Funcionários podem se sentir incomodados ao serem perguntados se são ou não LGBTs
Georgie Cobbs/Unplash e Montagem iG
Funcionários podem se sentir incomodados ao serem perguntados se são ou não LGBTs

Com o Mês do Orgulho LGBTQ+ , celebrado no último mês de junho, questões como diversidade e inclusão ganham holofotes em todo o mundo, especialmente no que diz aos direitos e oportunidades das pessoas da comunidade no mercado de trabalho.

No mundo corporativo, programas como o DE&I (sigla para Diversidade, Equidade & Inclusão), ganharam maior destaque quando as empresas passaram a se adaptar à agenda ESG (sigla em inglês para Ambiental, Social e Governança). Com isso, muitas consultorias passaram a ser procuradas para que as corporações adotassem medidas mais inclusivas, incluindo em suas equipes pessoas que se enquadram na sigla  LGBTQIAPN+ .

Uma  pesquisa global realizada pela PwC, que analisou programas de diversas corporações ao redor do mundo, mostrou que 80% das empresas consideram o tema como prioritário em seus planejamentos de ações. No entanto, 38% dos profissionais LGBTQIAPN+ entrevistados afirmam que o preconceito ainda é presente e que a diversidade continua como um obstáculo para o crescimento profissional.

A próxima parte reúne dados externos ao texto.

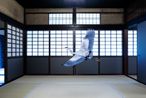 Intoxicated by the Moonlight Obai-in Kyoto by Karen Knorr contemporary artwork Painting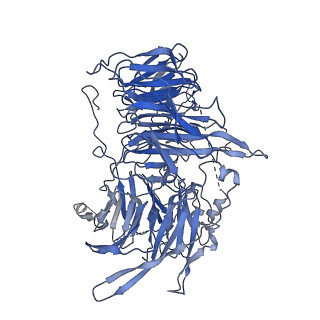 10052_6rxu_UD_v1-1
Cryo-EM structure of the 90S pre-ribosome (Kre33-Noc4) from Chaetomium thermophilum, state B1
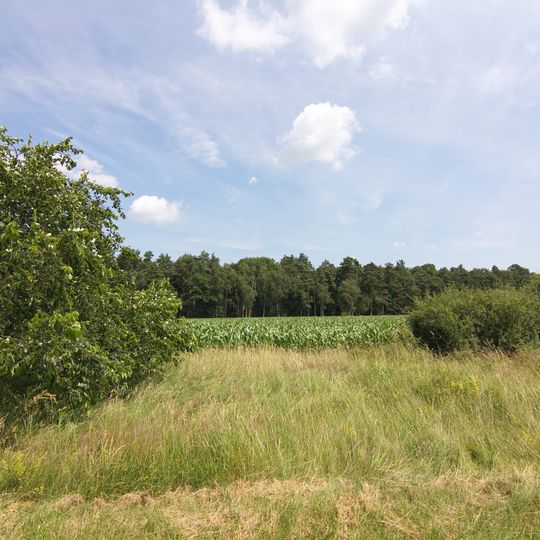 Untere Allerniederung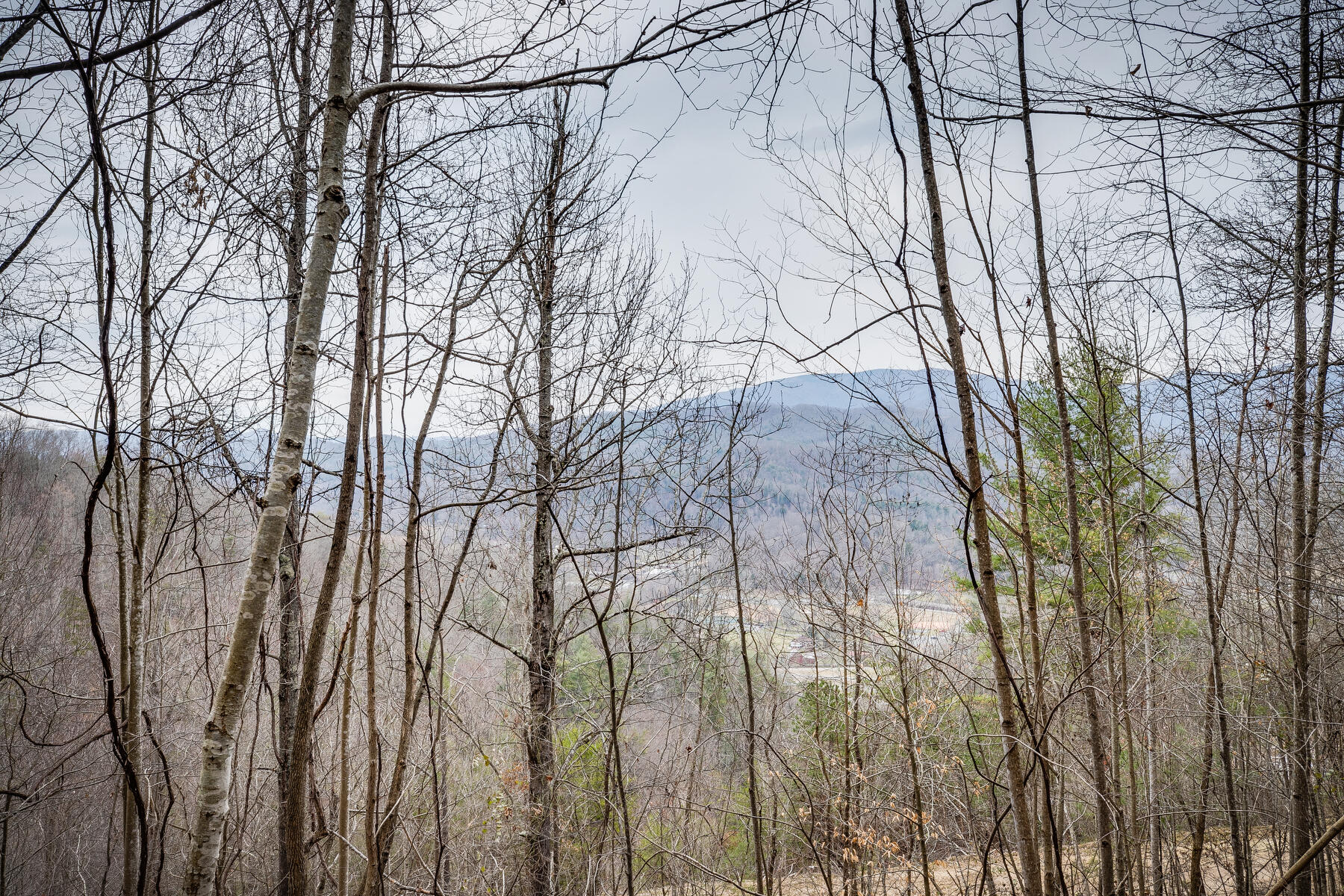 Tbd Harris Hollow Road Erwin, TN 37650 - Photo 15 of 26 017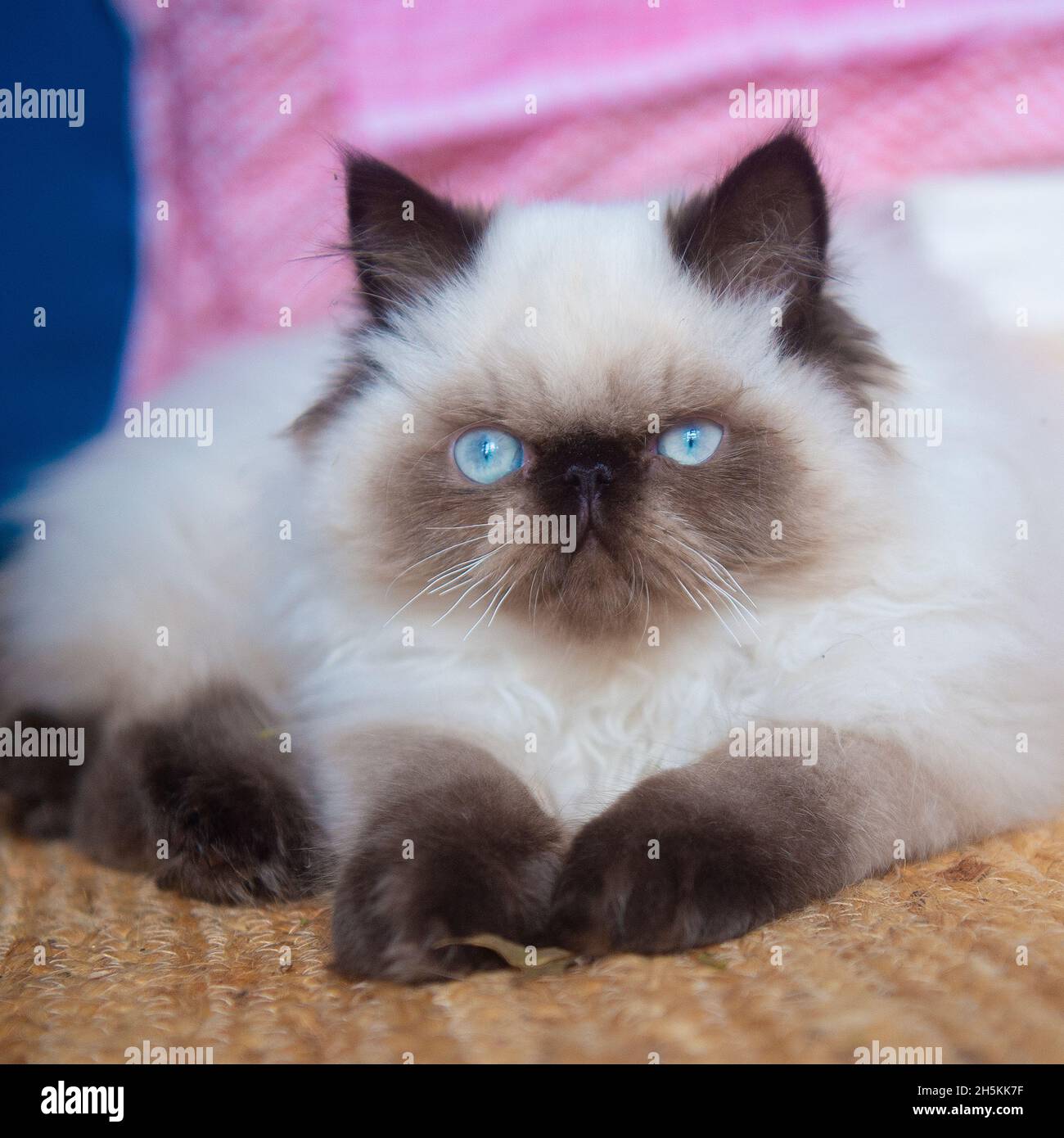 Pedigree chatte himalayan Banque D'Images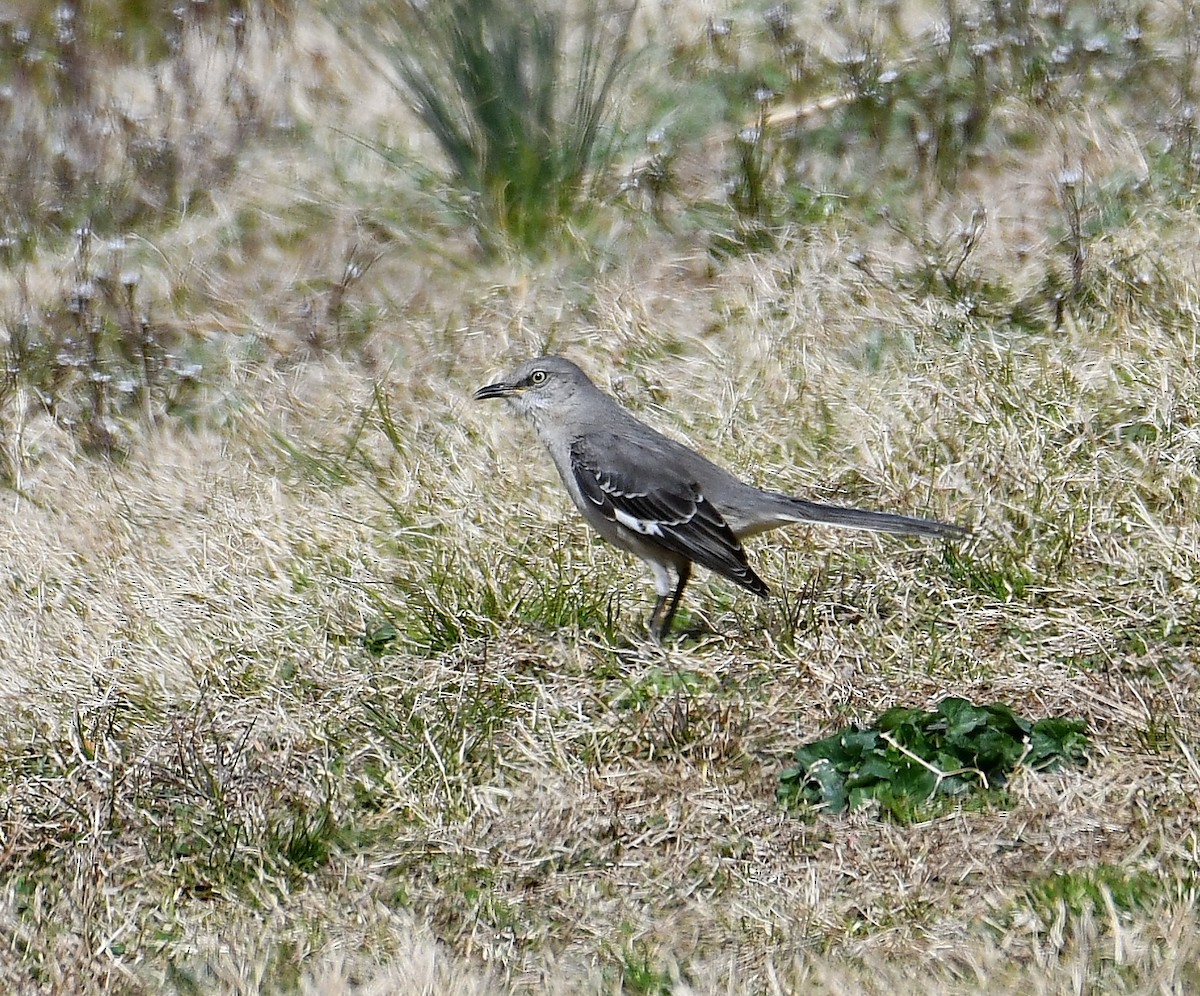 Northern Mockingbird - Eric Titcomb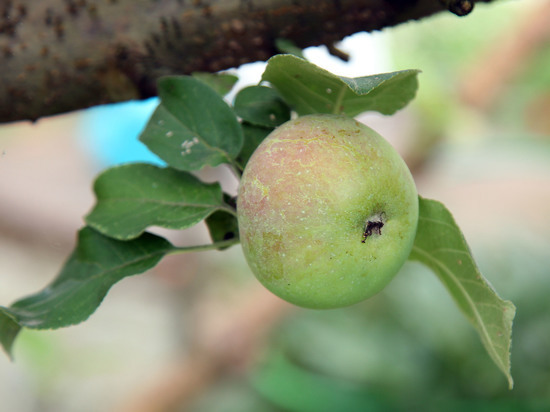 Менеджер из Каширы обнаружил яблоко в прямой кишке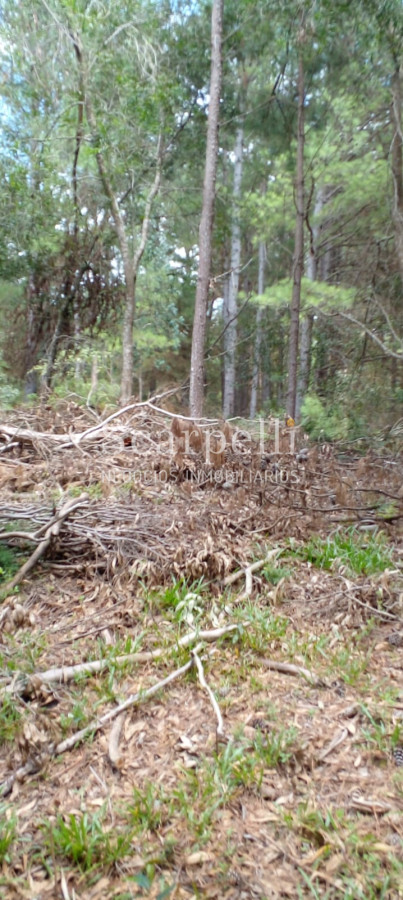 Campo Ref.34841 - VENTA CAMPO CERRO LARGO PROXIMO A MELO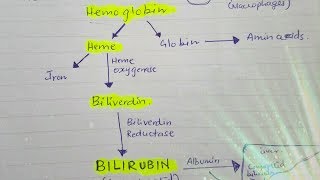 Bilirubin metabolism [upl. by Tina]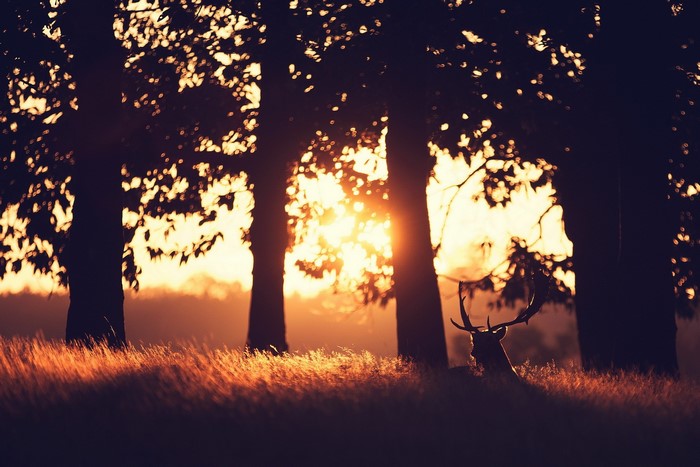 Deer resting in a field at sunset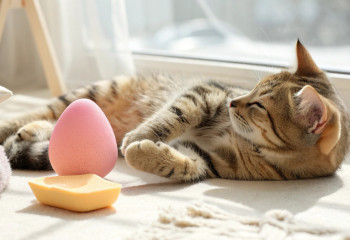 Косметический спонж стал неожиданной игрушкой для котов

Nesse quesito, pesquisas como a realizada pela Human Rights Campaign (HRC), que avaliam as melhores empresas para a população LGBTQ+, são importantes para identificar as companhias que melhor se enquadram em quesitos como diversidade e equidade no mercado de trabalho.

O último relatório  HRC Equidade BR mostra que 90% das empresas brasileiras responderam à implementação de uma política formalizada de Diversidade e Inclusão (D&I) e 94% disseram que oferecem cobertura de saúde igual para seus funcionários transgêneros. Além disso, 850 mil funcionários são impactados pelos esforços deste programa, com base nos dados coletados com o estudo.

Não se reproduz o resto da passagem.